No stranger to breaking new ground, Beachley became the first female to surf the notorious break off Solander Bay on Wednesday, accepting the challenge of film-maker and photographer Tim Bonython to crack the fickle wave that the territorial Bra Boys guard like sentinels.

Like all first-time visitors, Beachley accepted the challenge of paddling into a handful of the heaving barrels that break only metres from a rock face, before she was towed into this monster that left onlookers in awe.

“I think everyone was looking at me going ‘aw, this is going to be ugly’ because I was too deep and then somehow I just kept so relaxed and calm and just kept looking for a way out and actually found one,” the seven-time world champion told The Daily Telegraph.

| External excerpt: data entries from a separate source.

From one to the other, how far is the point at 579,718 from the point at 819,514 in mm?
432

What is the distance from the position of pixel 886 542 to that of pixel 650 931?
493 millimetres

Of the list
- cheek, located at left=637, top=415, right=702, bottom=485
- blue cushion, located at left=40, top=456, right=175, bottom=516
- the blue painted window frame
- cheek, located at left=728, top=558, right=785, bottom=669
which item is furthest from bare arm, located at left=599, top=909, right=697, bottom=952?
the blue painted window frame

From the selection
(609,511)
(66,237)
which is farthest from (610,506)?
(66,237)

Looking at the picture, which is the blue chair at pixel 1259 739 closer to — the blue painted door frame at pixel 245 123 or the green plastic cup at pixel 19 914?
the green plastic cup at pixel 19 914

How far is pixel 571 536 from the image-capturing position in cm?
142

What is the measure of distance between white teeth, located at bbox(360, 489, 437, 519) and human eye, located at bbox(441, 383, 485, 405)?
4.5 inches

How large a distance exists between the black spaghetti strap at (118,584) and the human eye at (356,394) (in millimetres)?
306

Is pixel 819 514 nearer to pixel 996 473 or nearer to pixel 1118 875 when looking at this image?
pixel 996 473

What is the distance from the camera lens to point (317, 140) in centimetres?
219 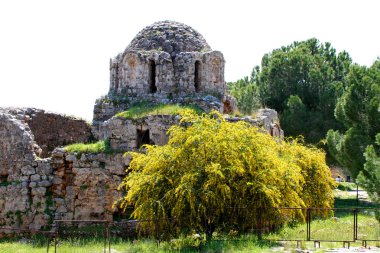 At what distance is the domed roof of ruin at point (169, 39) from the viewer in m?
24.0

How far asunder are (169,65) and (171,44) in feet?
3.99

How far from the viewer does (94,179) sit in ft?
64.6

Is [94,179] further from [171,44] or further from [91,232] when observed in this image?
[171,44]

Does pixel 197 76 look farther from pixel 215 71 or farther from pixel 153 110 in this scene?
pixel 153 110

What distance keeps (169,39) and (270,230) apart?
10076 mm

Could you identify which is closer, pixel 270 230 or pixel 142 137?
pixel 270 230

The bone-crunching break has been a closely guarded secret in the city’s Eastern Suburbs for more than 30 years, first ridden by bodysurfers in the 1970s, but it was only in the past decade that boardriders began taking on the wave.

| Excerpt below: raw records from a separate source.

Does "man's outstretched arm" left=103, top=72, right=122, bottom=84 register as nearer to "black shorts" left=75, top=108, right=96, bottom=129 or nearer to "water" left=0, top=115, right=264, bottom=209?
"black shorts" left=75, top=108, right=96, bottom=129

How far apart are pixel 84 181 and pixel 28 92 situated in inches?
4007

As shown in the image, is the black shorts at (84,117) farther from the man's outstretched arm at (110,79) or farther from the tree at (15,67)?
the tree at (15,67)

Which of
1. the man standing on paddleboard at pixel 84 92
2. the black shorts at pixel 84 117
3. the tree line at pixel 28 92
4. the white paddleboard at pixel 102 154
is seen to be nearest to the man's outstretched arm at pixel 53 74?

Still buzzing after the session yesterday, Beachley rated the foam-ball barrel ride as the equal of the perfect 10 she rode to win at Honolua Bay in 2003.

“It’s pretty gnarly. It’s the heaviest wave I’ve ever surfed in Australia – for sure,” she said.

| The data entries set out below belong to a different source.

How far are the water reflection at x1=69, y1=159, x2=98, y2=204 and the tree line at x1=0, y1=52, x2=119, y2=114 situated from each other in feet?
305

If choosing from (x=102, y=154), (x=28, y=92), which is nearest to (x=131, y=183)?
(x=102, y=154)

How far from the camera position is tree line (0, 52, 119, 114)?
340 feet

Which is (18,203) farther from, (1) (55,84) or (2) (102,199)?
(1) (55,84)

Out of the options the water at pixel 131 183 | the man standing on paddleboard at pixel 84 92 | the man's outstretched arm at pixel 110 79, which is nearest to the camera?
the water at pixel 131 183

“It’s right up there with (the one at Honolua Bay). It definitely compares.”

Beachley was stunned when she was shown photos of her ride after finishing the ride. “I was literally on the foam ball. I wasn’t even aware of it at the time,” she said.

“I was really relaxed.”

Beachley, who had nothing but praise for the Bra Boys – who she said guided her into riding a series of waves without wipeout – said she was relieved to escape unscathed.

“It exceeded all expectations because I went there expecting to take poundings and pretty much watch from the channel,” said Beachley, who was encouraged by fiancee Kirk Pengilly to take on the break.

“I’m lucky. I didn’t fall once, which I’m sure if I went back I’m going to pay some serious dues after that effort.

“But the Bra Boys were really supportive and encouraging.

“They never put me down or made me feel scared.”

Beachley insisted that her heroics were not motivated by any notion to prove herself.

“I’m no stranger to being a pioneer, I guess.

“(But) I’ve never done it to prove anything or set any kind of standard.

“Big wave surfing is something you have to be really smart about and prepared to suffer the consequences of a mistake.”